Deck the Halls with Hunks of Holly 


Surviving the season to be jolly—how I maintain my sanity amidst the vanity and inanity of pop-culture-christmas-think. 

I actually memorized the lyrics to the Tom Lehrer satire, A Christmas Carol when I was a young man. It starts this way:

Christmas time is here, by golly,
Disapproval would be folly,
Deck the halls with hunks of holly,
Fill the cup and don't say "when."
Kill the turkeys, ducks and chickens,
Mix the punch, drag out the Dickens,
Even though the prospect sickens,
Brother, here we go again.

Lehrer goes on in his own unique way to satirize many of the things that make the month of December so rotten. The average soul is forced into a nicey-nice posture that is a strain for most and truly hypocritical for quite a few. We spend billions of dollars on gifts just this side of meaningless, while the rest of the world goes hungry. The newspapers, TV, the internet put a relentless commercial twist on everything spiritual. Even Santa is a big bag of wind, and his reindeers, well, watch out . . .

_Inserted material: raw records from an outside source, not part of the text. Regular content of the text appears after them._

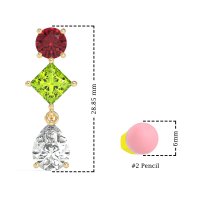Multi-Shape Dangle Earrings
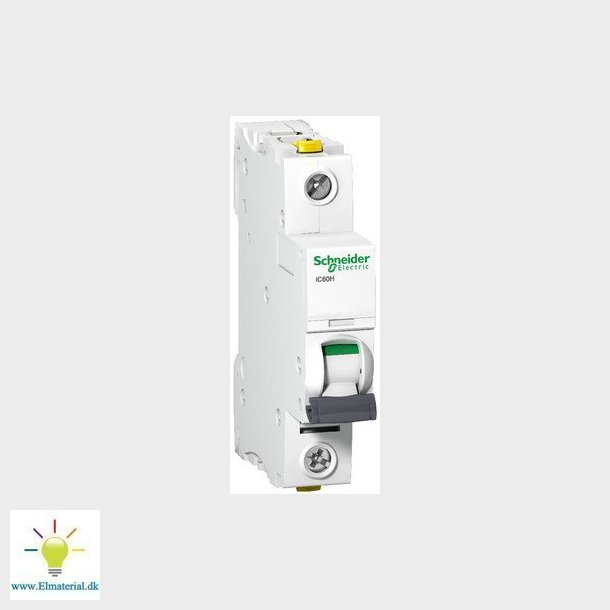 Acti9 iC60H 1P 3A Dobbelt terminal C-karakteristik 10/16kA 230V Bredde 18mm
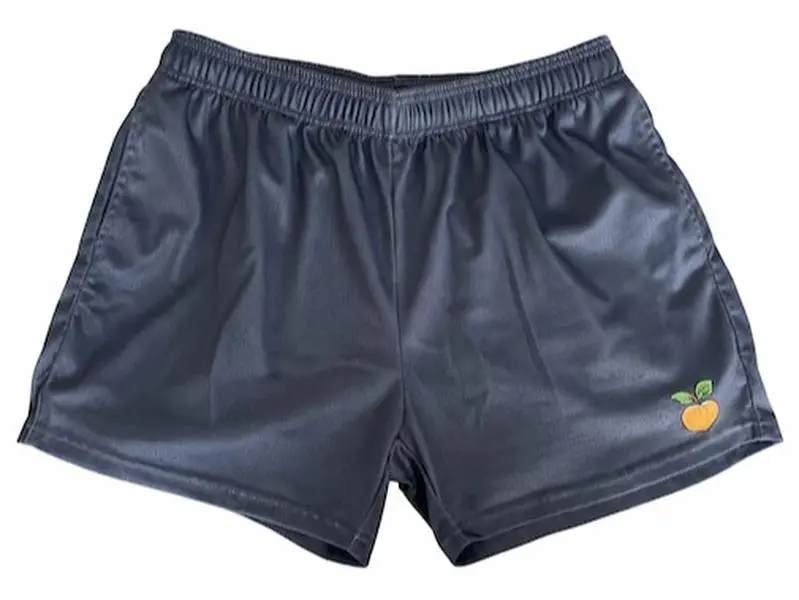JOOCY AF Men's Silver Surge Shorts – Metallic Everyday Athletic Performance Shorts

Of course, there are those who "just love Christmas" and don't know what all the fuss is about. There are those who start shopping the day after Thanksgiving and don't stop until the bank account is well overdrawn.

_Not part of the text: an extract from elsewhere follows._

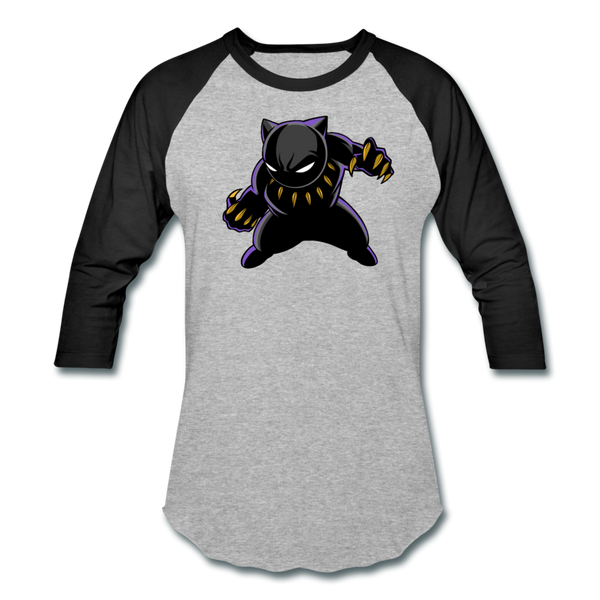 Character #45 Baseball T-Shirt - heather gray/black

We Episcopalians get a little help in resisting the tidal wave of toys, lights, cookies and carols, just because our liturgy is seasonal, and this is the season of Advent. We quietly anticipate the prophesied birth of Christ, and are sober and penitent in light of this monumental event. Our candles are mostly blue and pink, rather than green and red.

It does say something about Santa Claus in the Bible, doesn't it?

One of my personal ordeals (but sometimes not) of the season is how to deal with the mountains of Christmas cards and fantasized gift-giving obligations.

Let's face it, folks, Hercules could stumble under this weight. I've been through all the options on card sending. Don't send any. Just send to my BEST friends. Send unto others as they have sent unto you. Just print out the address book on labels and send cheap cards to everyone you vaguely know. Send EXPENSIVE cards to everyone you know. Send cards but no Christmas letter. Send a Christmas letter but no cards. Send BOTH an Christmas letter AND a card. (But Hanukkah cards to your Jewish friends, and Peace cards to your atheist and Unitarian friends. And Expect a Miracle cards to your New Age Friends. Hand-write a little note and (Oh, God, I am tired just writing this paragraph.)

So what I have been doing is writing a Christmas letter and putting it online. That has its drawbacks, but I am dealing with them. What I really like is that I can go back any time of year and read my Christmas letters for the last 35 years—well, I only read them ALL on Sunday.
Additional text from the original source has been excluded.